Scott twirled Musolf’s hair, holding a huge brush in her left hand and a dryer in her right, alternately turning the brush in the direction of the hair and perpendicular to it. It looked like hard work.

Before long, Musolf’s hair began to resemble the shining mane of a white mare in a huge painting on the salon wall.

I asked Musolf how she felt about Trump.

“I’m pretty much with Alexis,” she said. “She hit the nail on the head.”

Andrea Pakkala and Breanne Place of Charlotte supported Trump even though Place said he has his “quirks.”
Lawrence Cosentino/City Pulse

Sounding off

In contrast with Scott’s fledgling, month-old salon, the Tonsorial House Barber shop around the corner on Putnam Street has been a Williamston mainstay for over 40 years.

Owner Rahn H. Wright, 75, was sitting and talking about the health care issue with a longtime customer — we’ll call him Sam—when I walked in.

Wright has a spectacular white moustache and bristles with opinions as well. He and Sam both voted for Trump.

“We were just talking about politics,” Wright said.

Wright said he didn’t agonize much over his vote.

“You know how Don is, he’s blustery,” Wright said. “He ranted and raved and raised hell and it worked. I liked his enthusiasm.”

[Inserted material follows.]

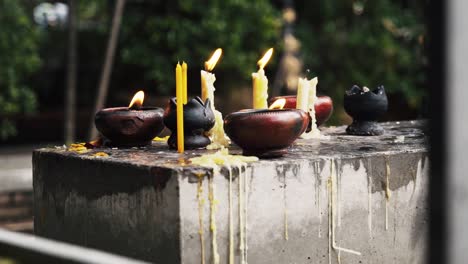 Candles-burning-outside-of-ancient-temple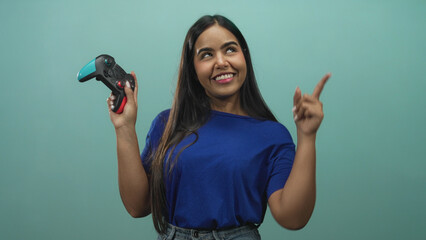 Young woman gamer holding a teal and black gamepad, smiling and pointing index finger upward in studio with teal backdrop and blue shirt  playful confidence. © Krakenimages.com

Wright said November’s results came as a surprise to everyone, including, he guesses, Trump himself.

“Most all the guys I’ve talked to in here, there was damn few of ‘em that figured Donald Trump would win, including me,” he said. “I think he’ll do a good job for us — I hope.”

Wright cited a long list of national goals, from better race relations to paying down the national debt.

“We have to get tougher internationally and do some kind of cleanup on this immigration thing,” Wright said.

Wright also hopes Trump will “pull our nose out of everybody else’s business, [and] straighten that deal with Iran, support Israel, because they’re hanging all alone out there.”

He wants to see more people working, or, if necessary, put to work.

“My dad and my uncles were in the CCC,” he said, referring to part of Franklin Roosevelt’s New Deal, the Civilian Conservation Corps. “If we’re paying all these people, sitting on their asses, maybe we ought to have something like that. You could plant trees, fix the roads, whatever needs doing.”

“It’s so complex, I have my doubts,” Sam said.

There was a lot more to the conversation, which ended this way, as Sam walked out the door.

“If we’re not careful, we’ll end up like Scandinavia,” Sam said.

“Socialism,” Wright added.

I walked across the street to the hardware store, where I met the sole person on my informal strolls through Potterville and Williamston who admitted he didn’t support Trump, a hardware store staffer named Andy (not his real name).

Andy was not happy about the new president, but he said it’s not that hard to get along in what he called a “pretty conservative town.”

“Most people are polite about it,” he said. “There are three or four that come here and give you a piece of their mind. I just let ‘em sound off. That’s kind of what this country was founded on.”